### Work to be completed
Return all the data exactly, keeping the pictures out.

### Information supplied
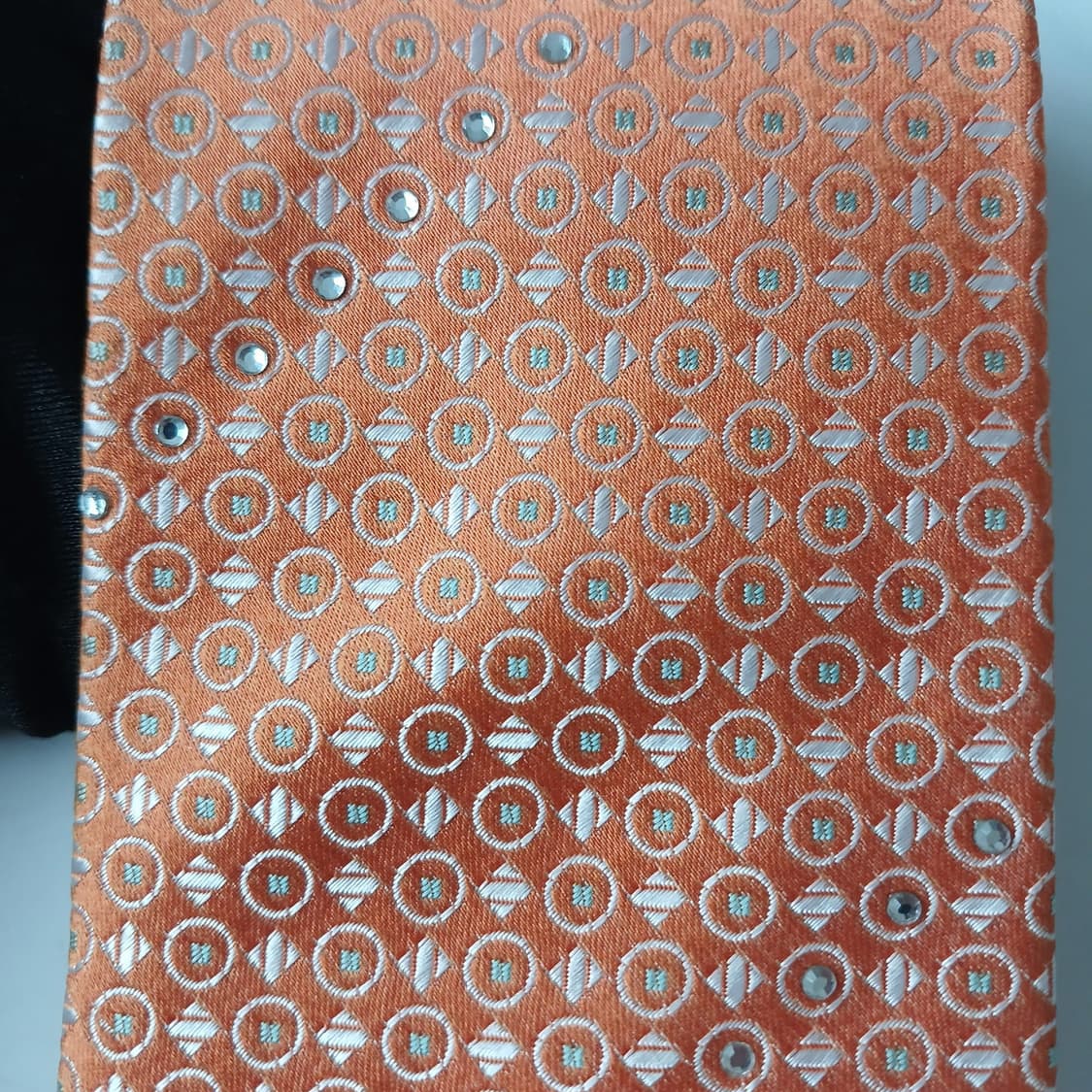 아쿠아스큐텀 오렌지 도트 패턴 넥타이 9.2cm A+등급 A19725
 상품이미지8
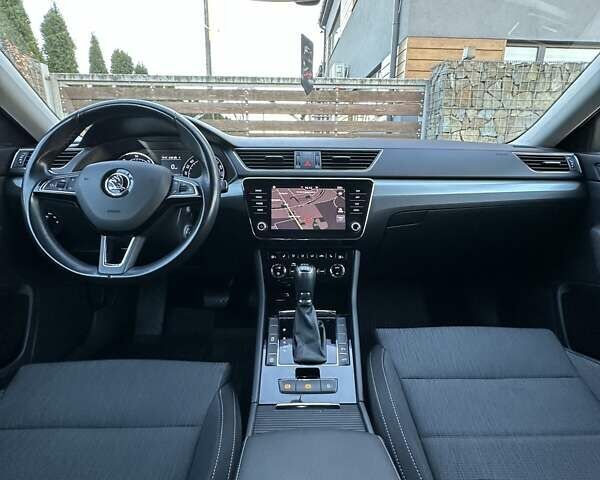 Коричневий Шкода Суперб, об'ємом двигуна 1.97 л та пробігом 197 тис. км за 18750 $, фото 75 на Automoto.ua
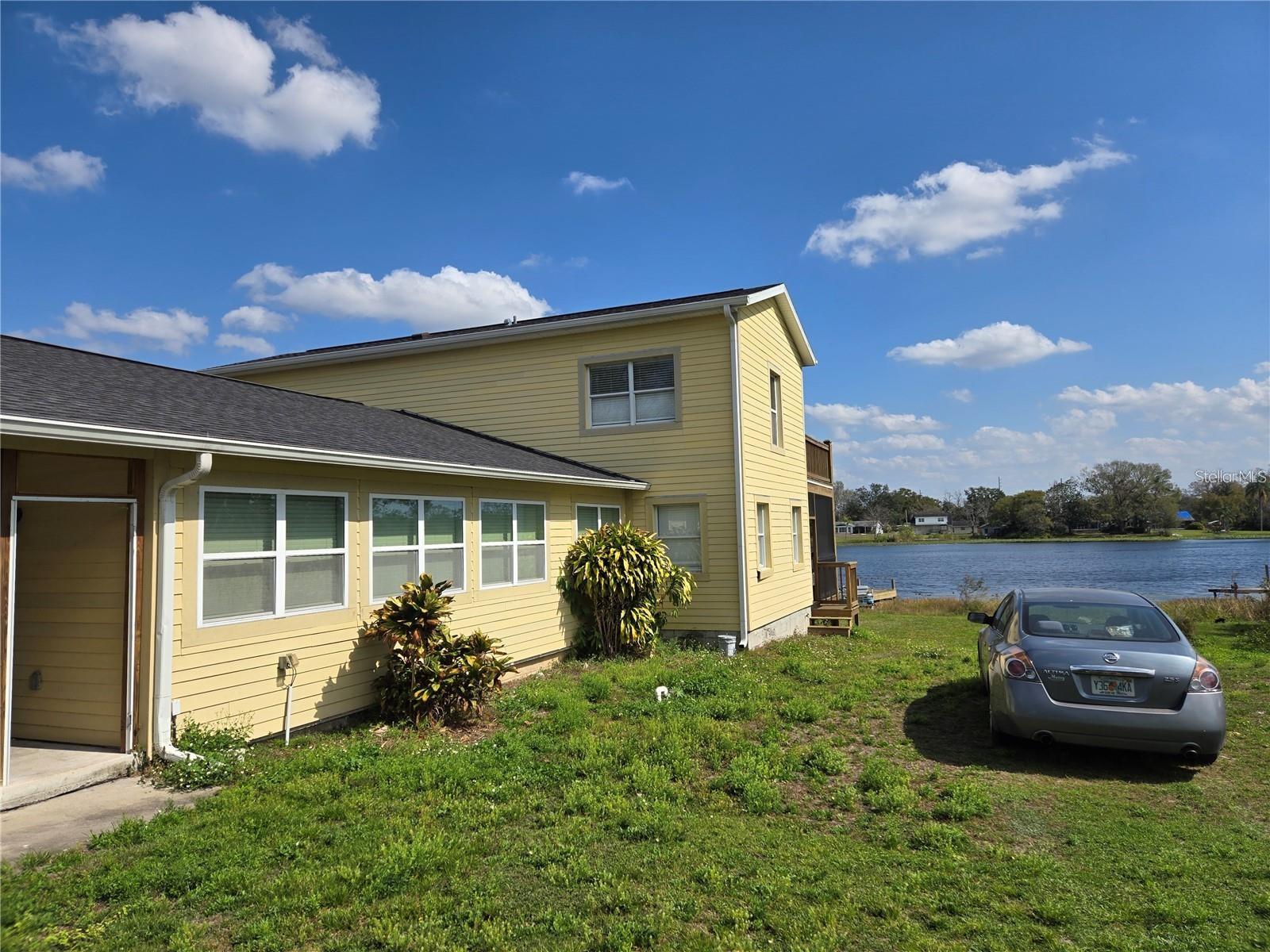 8725 TWIN LAKES BLVD — photo 2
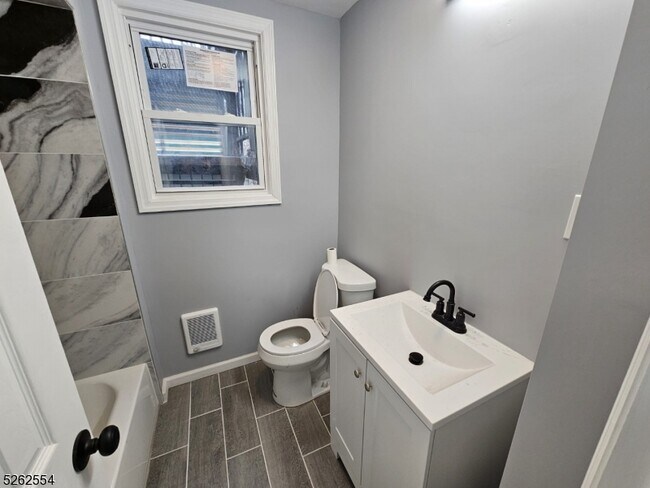 Foto del edificio - 36 Highland St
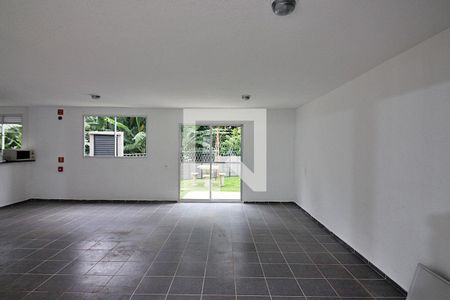 Apartamento para alugar com 47m², 2 quartos e sem vagaÁrea comum - Salão de festas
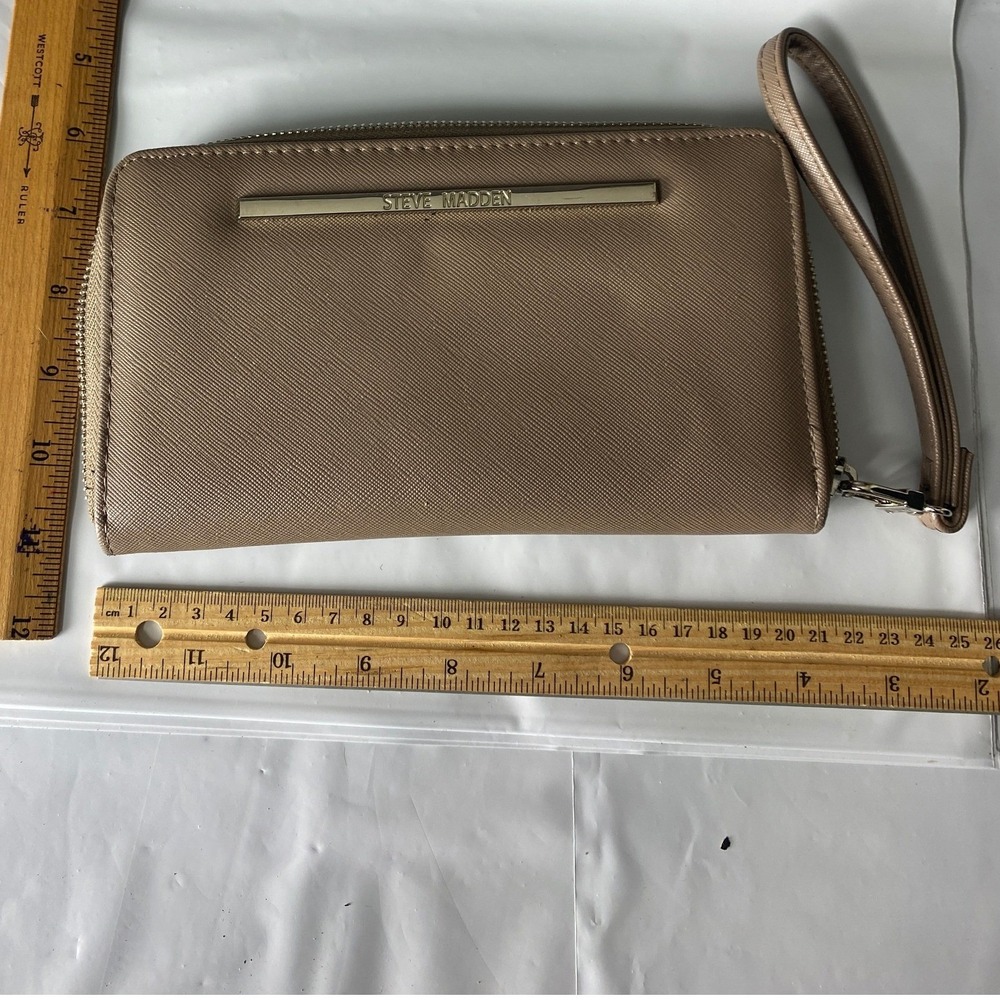 Steve Madden Zip Around Wallet Beige Faux Leather Card Holder Organizer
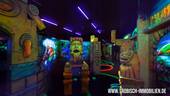Schwarzlicht-Minigolf -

### Finished task
 아쿠아스큐텀 오렌지 도트 패턴 넥타이 9.2cm A+등급 A19725
 상품이미지8
 Коричневий Шкода Суперб, об'ємом двигуна 1.97 л та пробігом 197 тис. км за 18750 $, фото 75 на Automoto.ua
 8725 TWIN LAKES BLVD — photo 2
 Foto del edificio - 36 Highland St
 Apartamento para alugar com 47m², 2 quartos e sem vagaÁrea comum - Salão de festas
 Steve Madden Zip Around Wallet Beige Faux Leather Card Holder Organizer
Schwarzlicht-Minigolf -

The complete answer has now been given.